* [Exercise aim]:
Return the data that follows exactly as it appears. Pictures do not belong in the copy.

* [Dataset section]:
------------------------------------------------------------
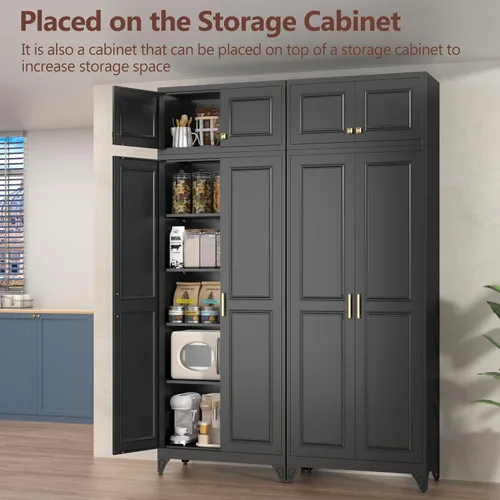 Vista 5 de Polup Armario de pared con puertas, gabinete de almacenamiento de metal para almacenamiento de cocina, gabinete superior pequeño, para comedor, sala
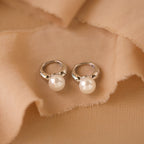 Pearl Drop Huggies in Sterling Silver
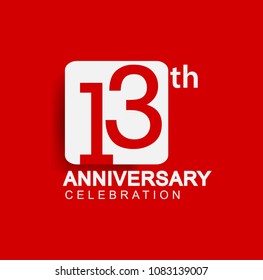 13 years anniversary logo with white square isolated on red background simple and modern design for anniversary celebration.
------------------------------------------------------------
* [Solution to the problem]:
 Vista 5 de Polup Armario de pared con puertas, gabinete de almacenamiento de metal para almacenamiento de cocina, gabinete superior pequeño, para comedor, sala
 Pearl Drop Huggies in Sterling Silver
 13 years anniversary logo with white square isolated on red background simple and modern design for anniversary celebration.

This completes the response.